IRL Lesson: Don’t Be Cool


Blog Post #4

Lesson #234792773 in being the Main Character:

Don’t try to be cool, pleeeease don’t.

For my first ever job when I was 16, I worked making milkshakes and desserts for a restaurant in B.C. I was so annoyed the whole time, because I had to wear clunky kitchen shoes and an ugly white t-shirt button-up, and a HAIRNET, while all of the pretty hostesses and waitresses got to wear all black and have their hair out and looked great. I was SO ANNOYED, especially because I had a crush on half of the kitchen boys and waiters. I still get embarrassed thinking about that uniform (even though I was a big rule breaker and never wore my hairnet, oh my!).
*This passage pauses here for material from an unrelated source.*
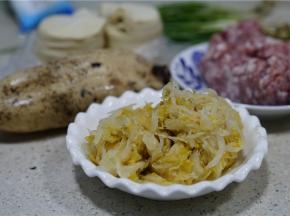 这款菜谱的用料：酸菜一份，鲜肉一分，莲藕一份，葱一份，饺子皮一份。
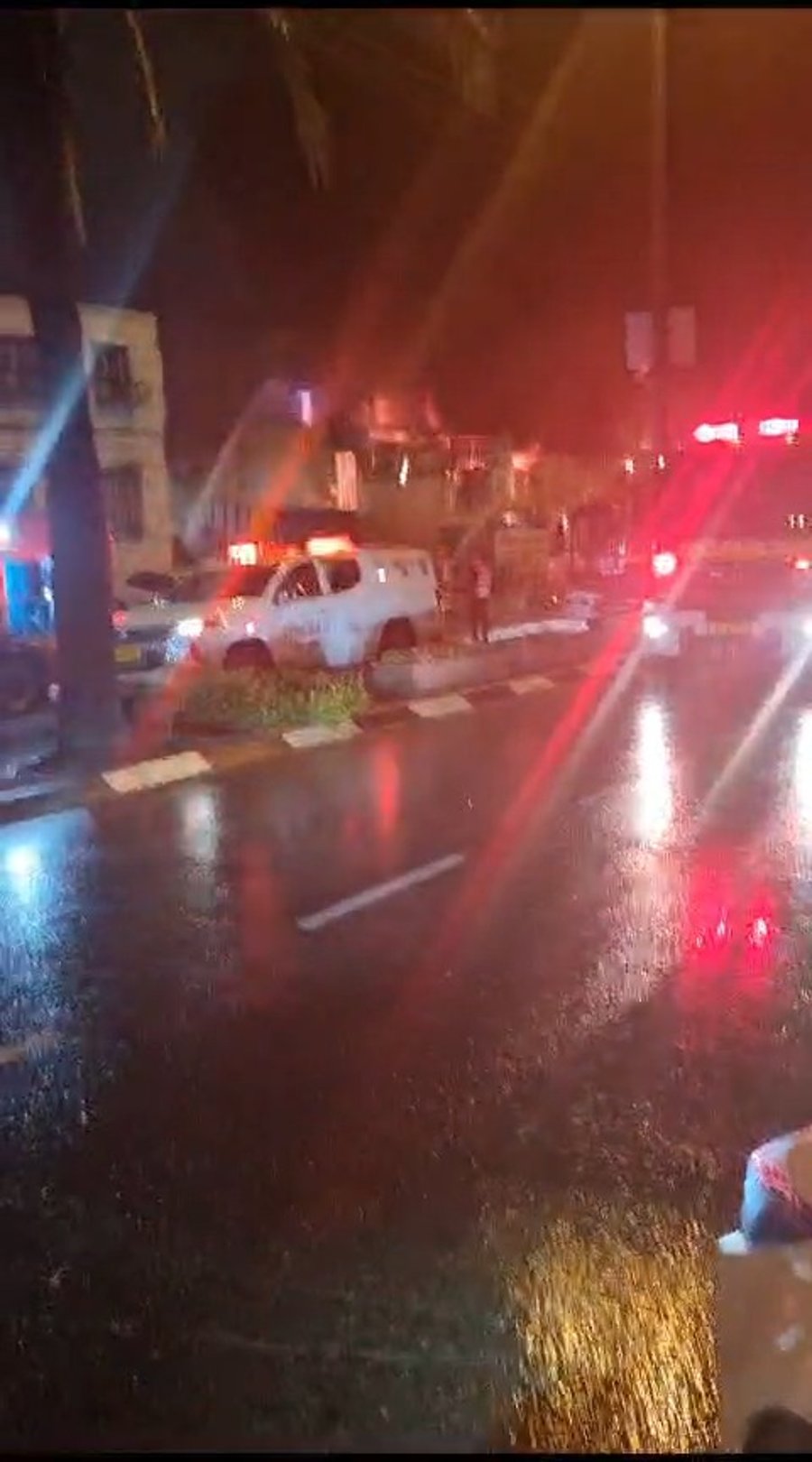 השריפה בבני ברק, הלילה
Anyways, I gave my two weeks notice right before I was moving away to live on campus and attend university at SFU, and I had to go in one last time to pick up my final paycheque. So, I figure, they never got to see me all done up with nice hair and makeup and a cute outfit and shoes, so I get the whole getup on and go to the restaurant. I see one of the (many) cute guys there and I primp a bit, go through and get my final paycheque, and I’m on my way out when suddenly, I take a total banana-peel-slip and eat it, even hitting my head on the floor.

You see, there was a reason we had to wear super ugly clog shoes in the kitchen, which I ignored, and I came to deeeply regret this. Luckily, I don’t think anyone really saw me fall, I came in at a time where the restaurant was dead, and when I got up off the floor and looked around, nobody was pointing and laughing, but man, did I regret having such a big ego and trying to look cool.

I think the lesson to take from this is actually that you shouldn’t care so much about what other people think, you should be secure in yourself. When you care so much about others’ opinions, that’s when you make mistakes. In reality, no one in the restaurant cared what I looked like, and my uniform wouldn’t have stopped any romantic endeavours (let’s be honest, I was a 16 year old in a restaurant full of 19 to 22-year-olds, it wasn’t happening anyway). I’m awesome, and I just need to accept and live that reality, and I hope you, reader, learn to as well.